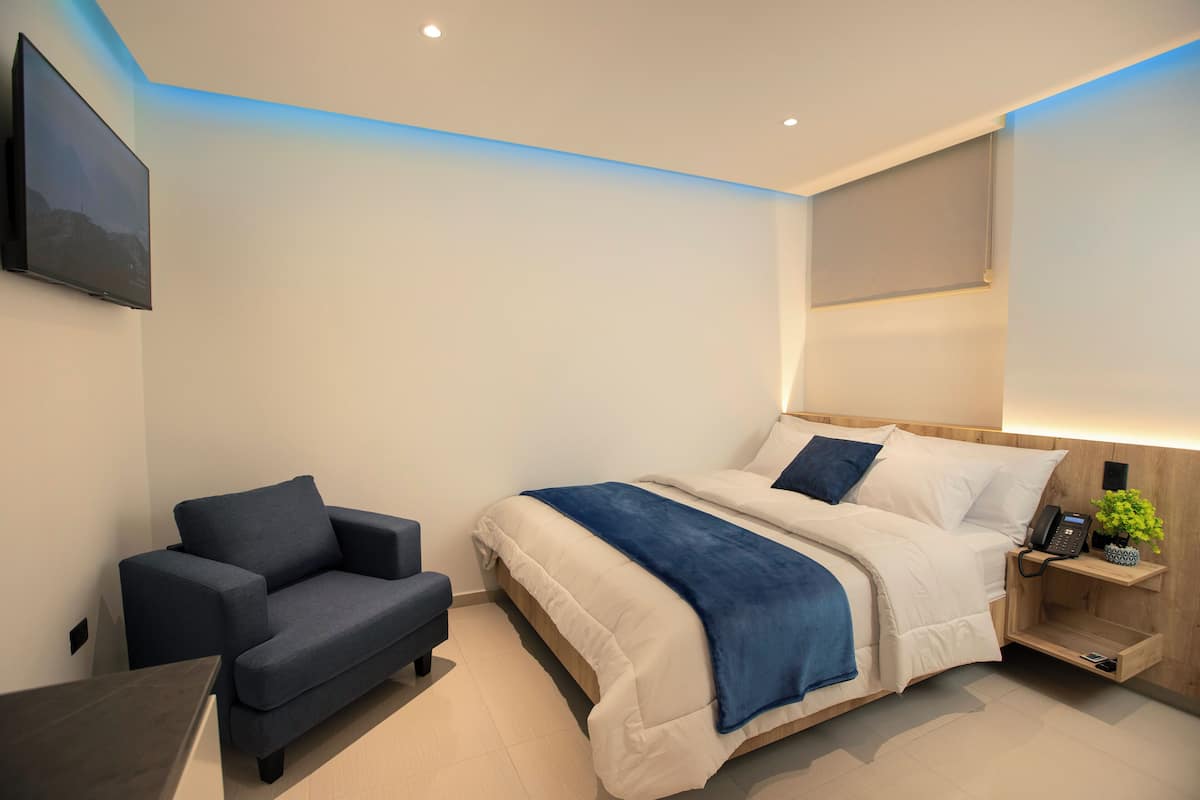 Ein modernes Schlafzimmer mit einem Bett, einem Sessel, einem Nachttisch mit Telefon und einem an der Wand befestigten Fernseher.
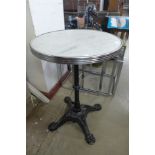 A cast iron and marble topped pub table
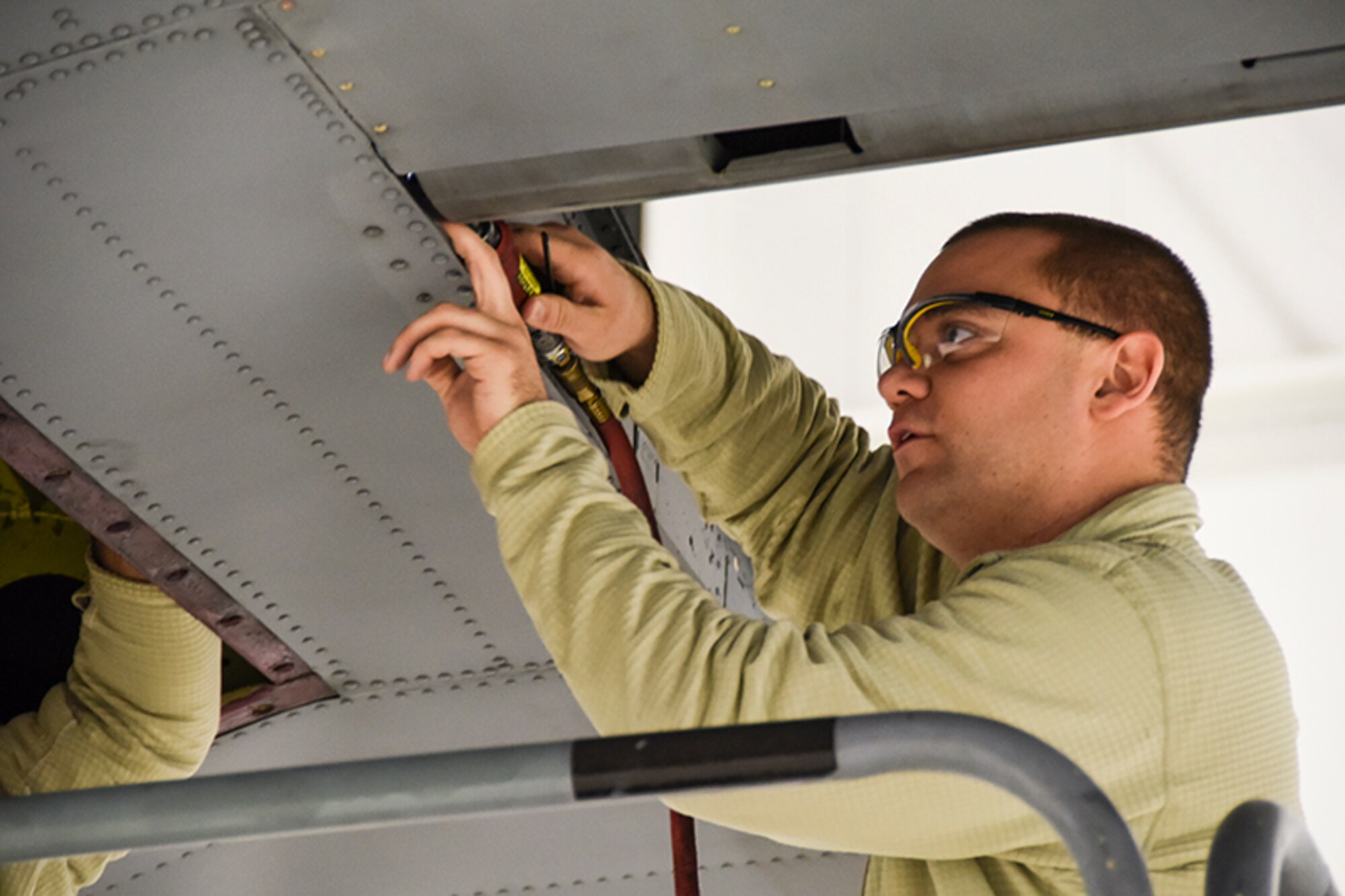 Staff Sgt. Dave Clark, 911th Maintenance Squadron structural mechanic, replaces a corroded L-angle on the back tail of a C-130 Hercules, Jan. 10, 2015, at Pittsburgh International Airport Air Reserve Station. Spot checking the C-130’s for corrosion is a necessary safety inspection that results in 100 percent accountability for the Airmen assigned to the aircraft.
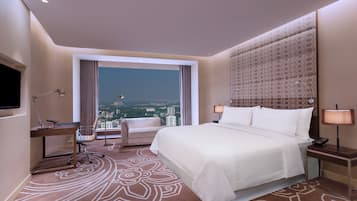 A hotel room with a large bed, a desk with a chair, a TV, and a view of the cityscape.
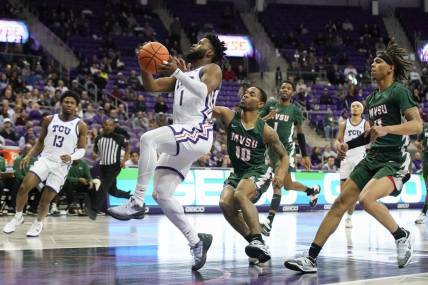 Dec 18, 2022; Fort Worth, Texas, USA; TCU Horned Frogs guard Mike Miles Jr. (1) drives to the basket, past Mississippi Valley State Delta Devils guard Danny Washington (10) during the first half at Ed and Rae Schollmaier Arena. Mandatory Credit: Raymond Carlin III-USA TODAY Sports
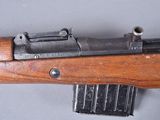 a close up of a rifle on a table with a magazine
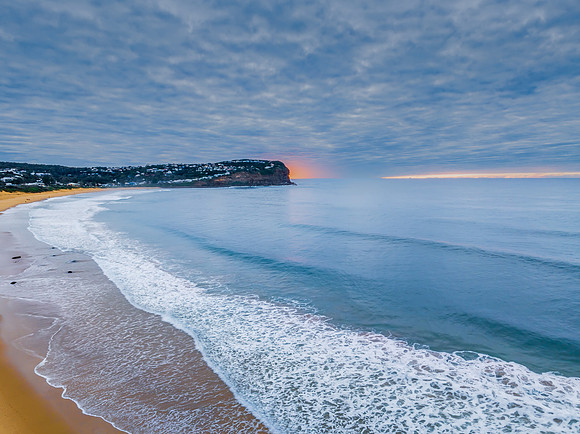 Stratus cloud filled sunrise over the ocean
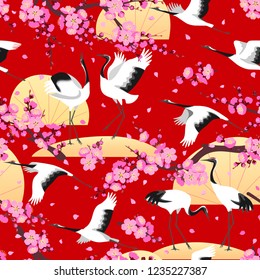 Seamless pattern with Japanese cranes, pink flowering tree branches on red background. Endless texture decoration in oriental style with sakura or plum flowers and birds. Vector flat illustration 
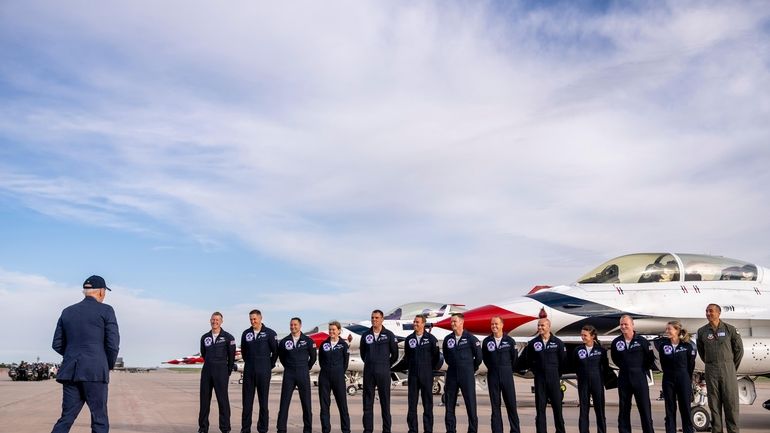 President Joe Biden greats a group of Thunderbird pilots after...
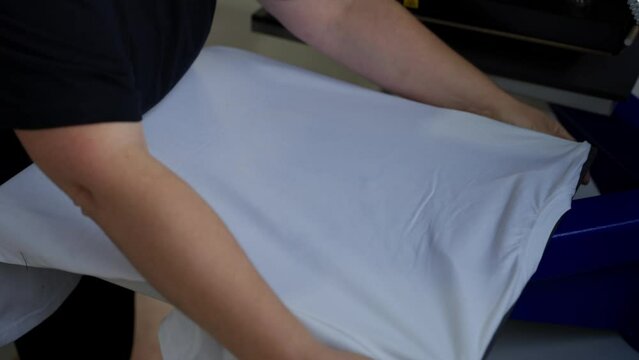 Preparing T-Shirt for Printing. Person holding white t-shirt on printing press for customization.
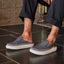 Rambler Kicker slippers facing right worn indoors, featuring cushioned memory foam footbed and lightweight EVA outsole in charcoal gray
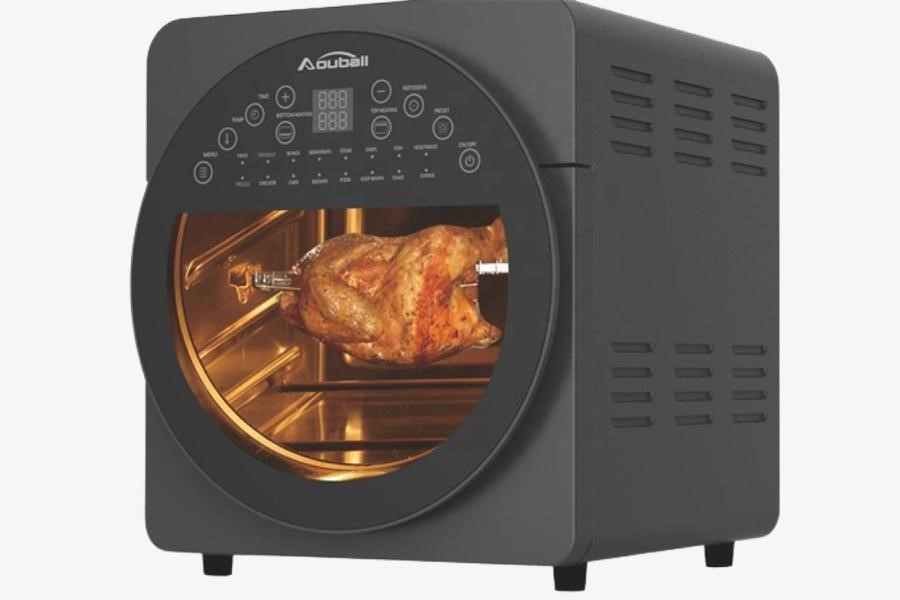 Air fryer oven with chicken on rotisserie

+++++

## WHAT THE EXERCISE ASKS
Exact reproduction of the entries above is what's needed; images stay out.

## WRITTEN SOLUTION
 Ein modernes Schlafzimmer mit einem Bett, einem Sessel, einem Nachttisch mit Telefon und einem an der Wand befestigten Fernseher.
 A cast iron and marble topped pub table
 Staff Sgt. Dave Clark, 911th Maintenance Squadron structural mechanic, replaces a corroded L-angle on the back tail of a C-130 Hercules, Jan. 10, 2015, at Pittsburgh International Airport Air Reserve Station. Spot checking the C-130’s for corrosion is a necessary safety inspection that results in 100 percent accountability for the Airmen assigned to the aircraft.
 A hotel room with a large bed, a desk with a chair, a TV, and a view of the cityscape.
 Dec 18, 2022; Fort Worth, Texas, USA; TCU Horned Frogs guard Mike Miles Jr. (1) drives to the basket, past Mississippi Valley State Delta Devils guard Danny Washington (10) during the first half at Ed and Rae Schollmaier Arena. Mandatory Credit: Raymond Carlin III-USA TODAY Sports
 a close up of a rifle on a table with a magazine
 Stratus cloud filled sunrise over the ocean
 Seamless pattern with Japanese cranes, pink flowering tree branches on red background. Endless texture decoration in oriental style with sakura or plum flowers and birds. Vector flat illustration 
 President Joe Biden greats a group of Thunderbird pilots after...
 Preparing T-Shirt for Printing. Person holding white t-shirt on printing press for customization.
 Rambler Kicker slippers facing right worn indoors, featuring cushioned memory foam footbed and lightweight EVA outsole in charcoal gray
 Air fryer oven with chicken on rotisserie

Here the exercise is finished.